Ils essaient de faire de Masya une vraie dame depuis qu’elle est petite. Mais elle était encore un chaton : retournant les pots avec des fleurs, sautant sur des pantoufles à tout moment du jour et de la nuit, aiguisant ses griffes sur le canapé. L’hôtesse ne pouvait le faire qu’avec ses mains, en regardant un mauvais chat.

Masya s’est enfuie de la maison à la cour chaque fois que c’était possible. Elle avait des amis dans la rue le chien Bobick et les chats voisins.

Il n’est pas étonnant que, dans ce mode de vie, Masya a été prise comme une adolescente à un vétérinaire et s’est assuré qu’elle n’a jamais donné naissance à des chatons.L’hôtesse était inquiète de la santé de l’animal.

— Tu devras l’endurer une fois, mais alors tu n’auras pas à souffrir pendant l’accouchement. Et vous n’avez pas besoin d’allaiter les petits, pas de dormir la nuit, dit la maîtresse au chat quand ils étaient en route pour l’opération.

Masya se rétablit rapidement – et revint à son mode de vie normal. Elle n’était pas du tout confuse par le fait qu’elle ne serait plus jamais une mère. Eh bien, au moins c’est ce que pensait la maîtresse. Masya elle-même avait ses propres plans à cet égard.

Comme nous l’avons déjà dit, le chat rentrait habituellement à la maison pour la nuit.

Mais cette fois-ci, Masya était perdue. Jusqu’à minuit, la maîtresse sortit sur le porche toutes les demi-heures et appela un chaton. Pas de réponse, pas de salutation.

Puis la femme a passé une nuit sans sommeil, oubliant seulement le matin. Et puis encore sortit à la rencontre de sa mauvaise Masya. Elle a pris le petit déjeuner pour Bobick.
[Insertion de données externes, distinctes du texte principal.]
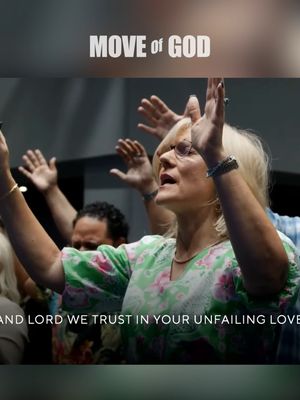 The cover image shows a group of people, likely in a church or worship setting, with their hands raised in praise. The focus is on a woman with blonde hair and glasses, who is looking up and has her hands raised. The background is blurred, suggesting a focus on the worshipers and the atmosphere of the event. There's text overlayed at the top, and at the bottom of the screen.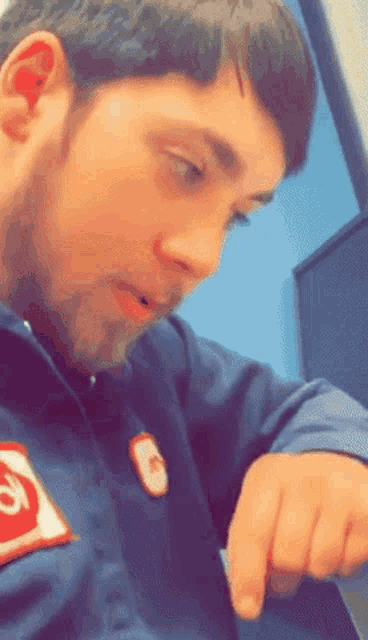 a man wearing a blue jacket with a red patch that says g on it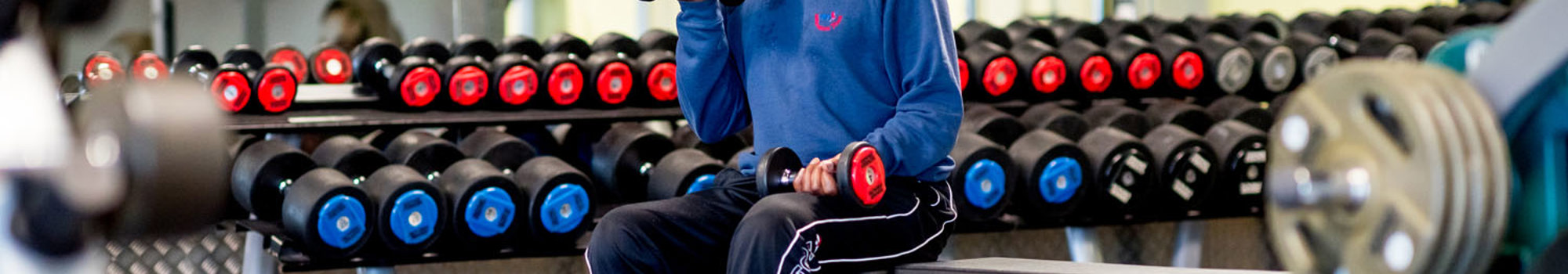 Man Using Hand Weights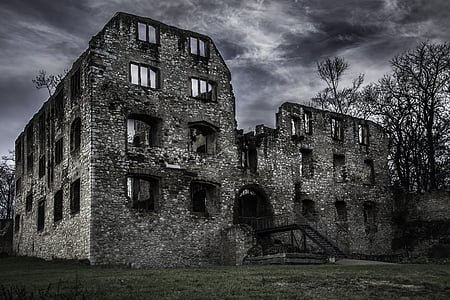 grey concrete building beside bare trees under grey clouds thumbnail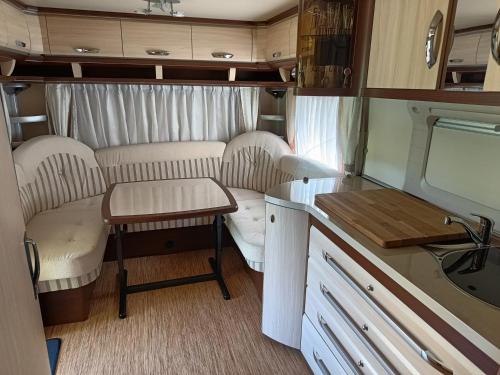 Batomalj的住宿－landhaus-krk，小厨房配有白色的椅子和桌子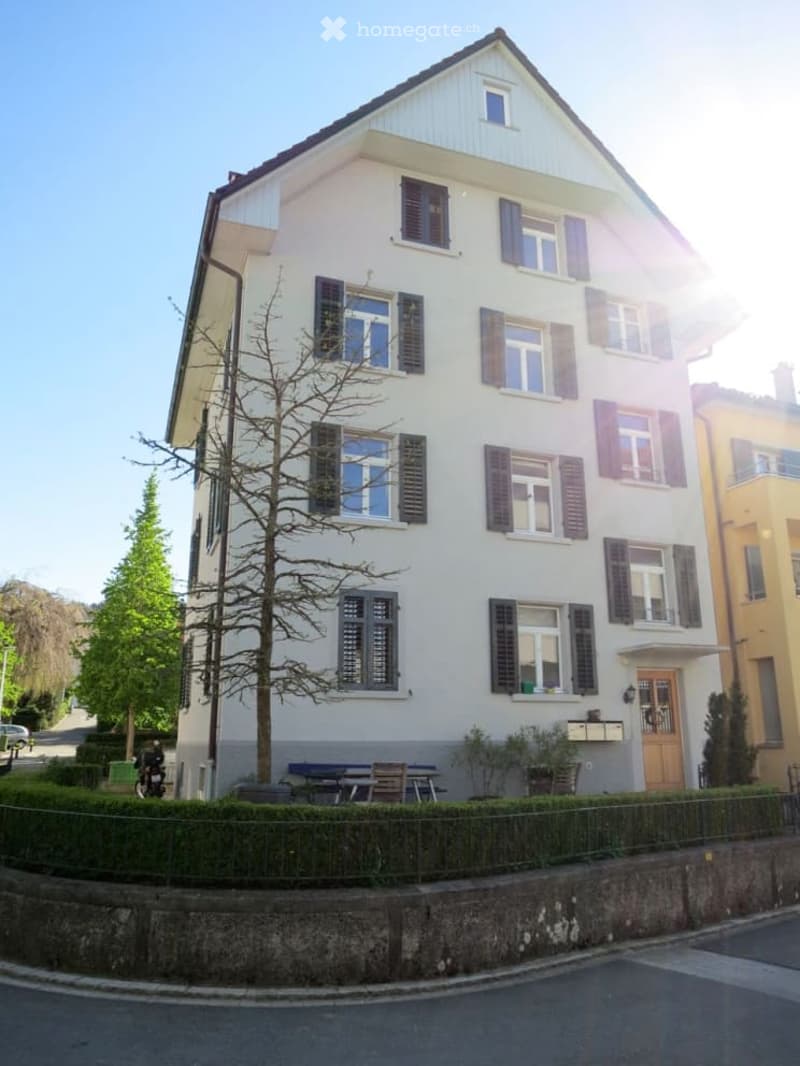 Two-story house with white exterior, multiple windows with shutters, and a small garden area with a bench and table.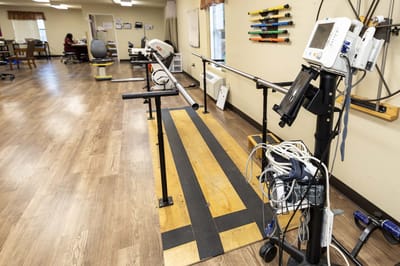 Rehabilitation area with exercise equipment and staff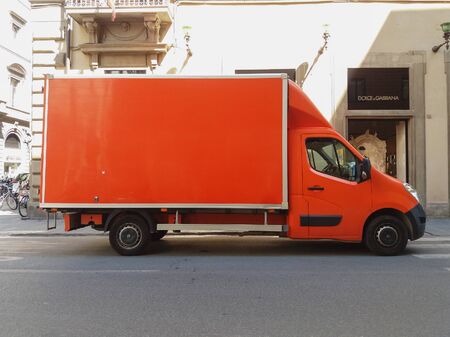 FLORENCE, ITALY - CIRCA APRIL 2019: orange van parked on the street in front of Dolce and Gabbana fashion brand storeのeditorial素材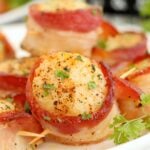 Perfectly cooked scallops wrapped in crispy bacon, served on a white plate with a garnish of parsley.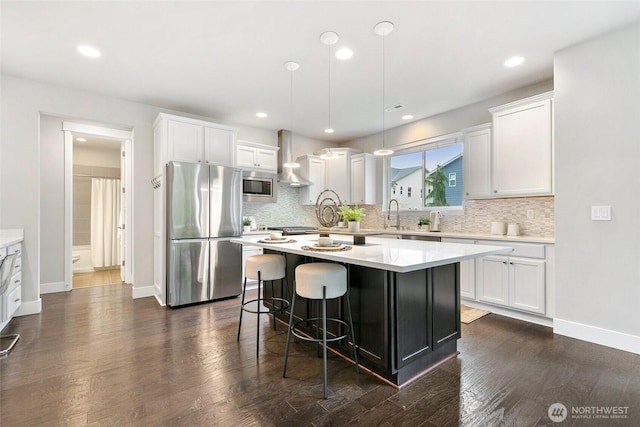 kitchen with appliances with stainless steel finishes, a center island, dark wood-type flooring, and wall chimney range hood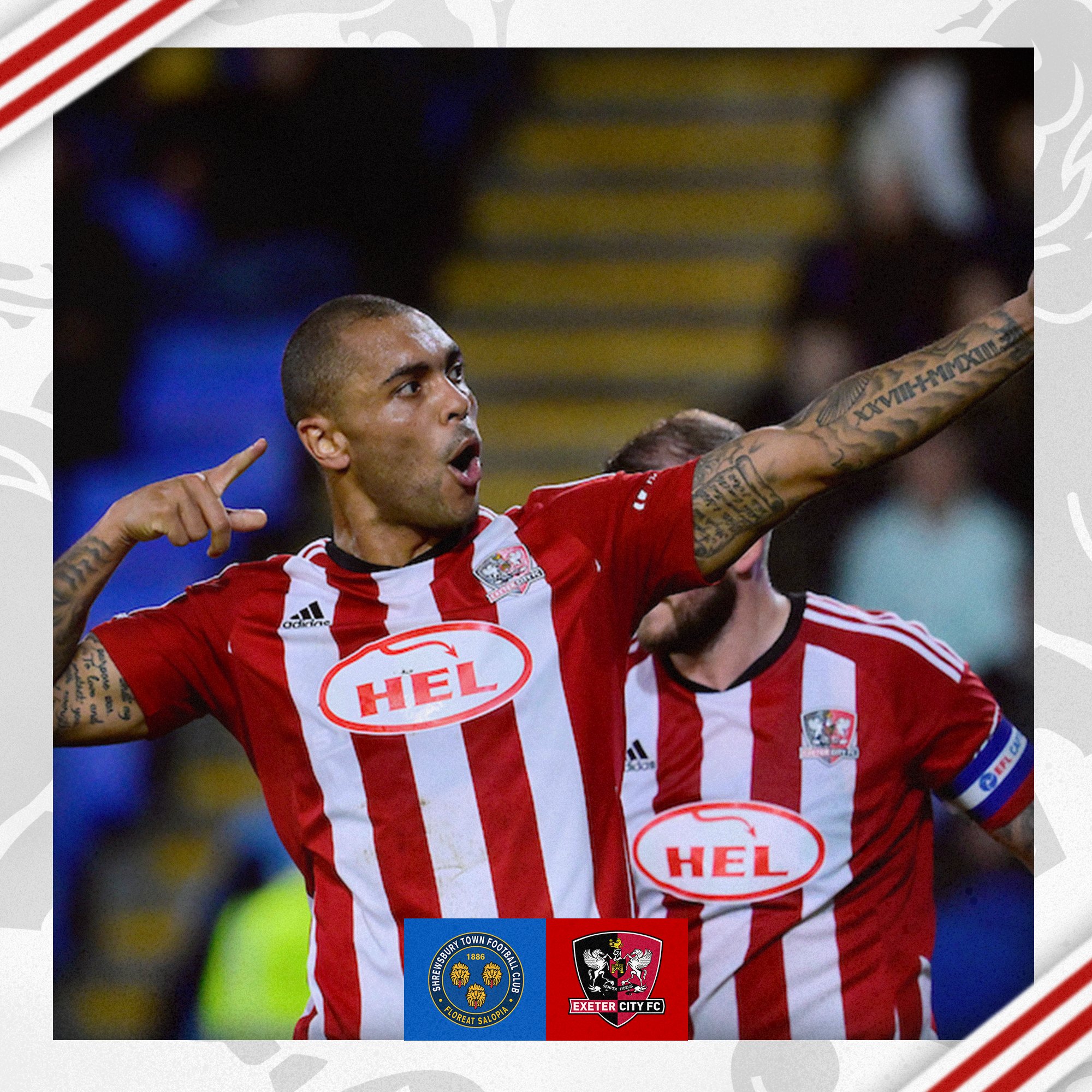 Josh Magennis, in his red and white home kit, celebrating City's second goal by pretending to point a bow and arrow at the away end. 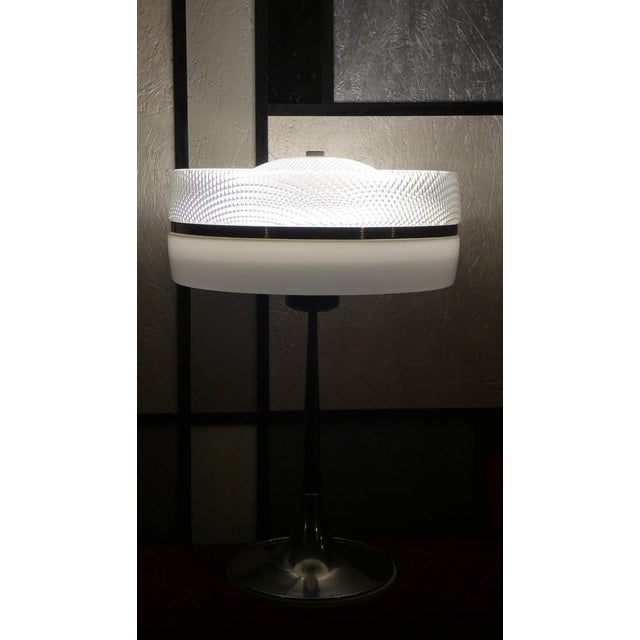 Rare example of futurist design for this lamp that celebrates the "Space Needle" skyscraper (literally space needle) of...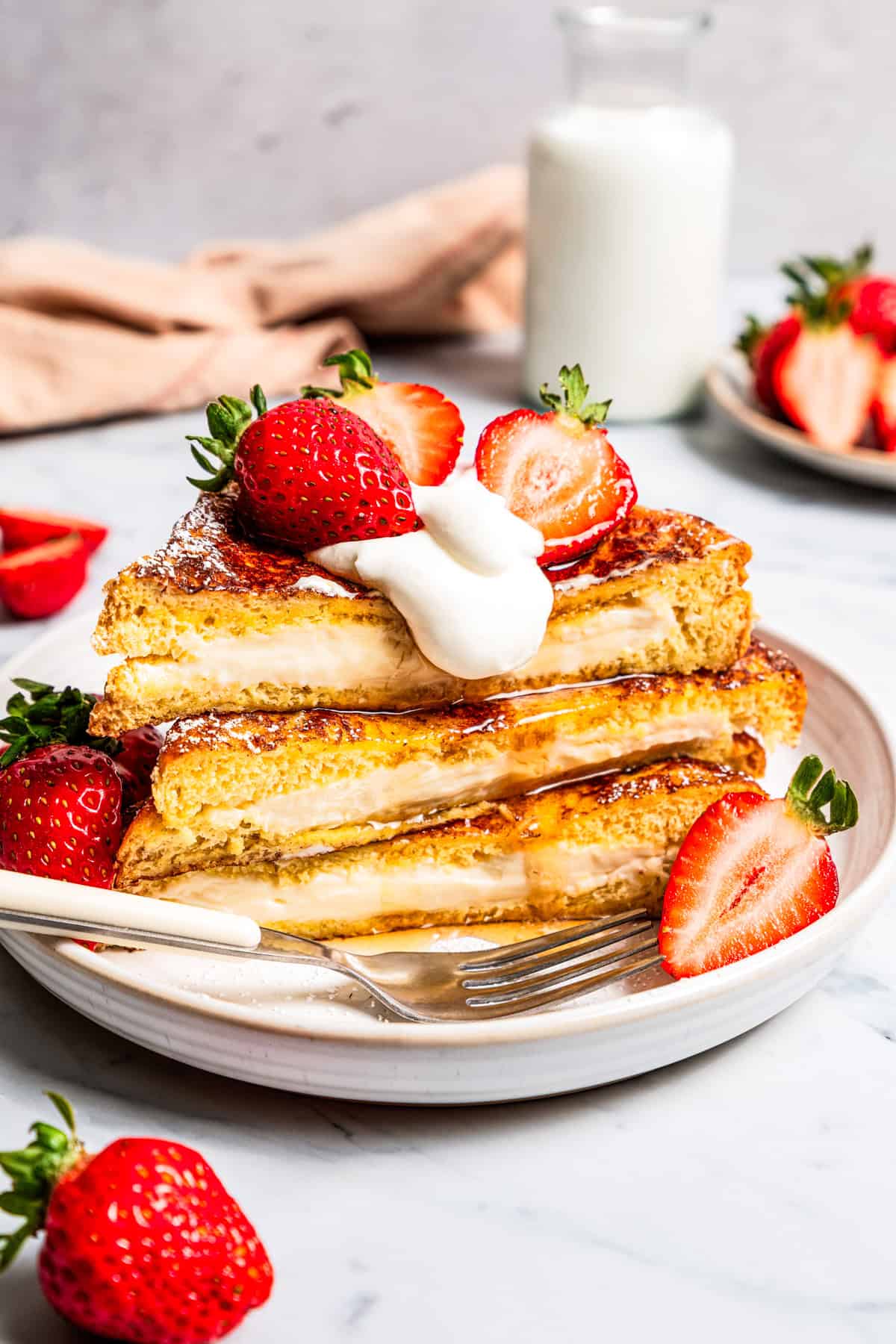 Make this cream cheese stuffed French toast with thick slices of custard-dipped brioche filled with sweet mascarpone and fresh lemon zest. A stack of cream cheese stuffed French toast served on a plate.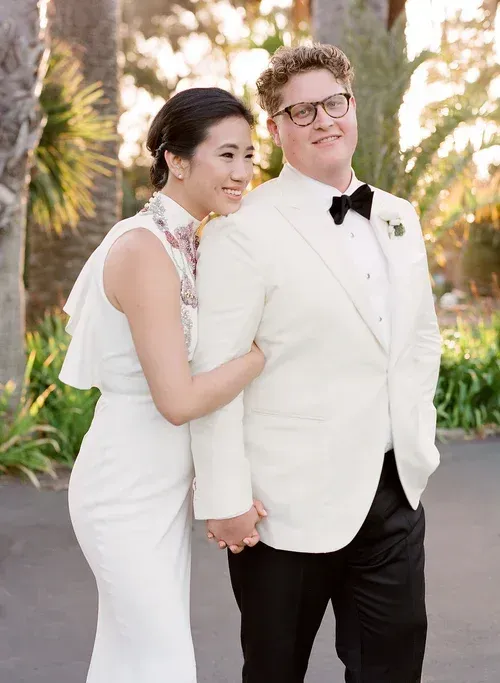 Two people in white formalwear standing outdoors, smiling and holding hands.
Le chien se comportait assez étrangement, tourbillonnant près de l’extrémité de l’enceinte. Là, la propriétaire remarqua une étrange lueur.

Masya, c’est toi ? – Une femme a demandé.

Et en effet, le chat était près de l’enceinte. Et non seul – à côté d’elle il y avait un chaton, que Masya léchait.

— Et qui est-ce? Où l’avez-vous ramassé? Eh bien, ramenez-le où vous l’avez eu! – La maîtresse a fait un bruit. Mais Masya regarda plus bas que la femme n’abandonna.

Après cinq minutes, le chat et son «fils» adoptif étaient déjà assis près des bols.

– D’accord, nous laissons celui-ci. Vous allez l’élever vous-même, – dit la maîtresse strictement. – Mais juste n’amenez personne d’autre, d’accord?

Signe – et vous ne manquerez rien qui est publié dans notre chaîne!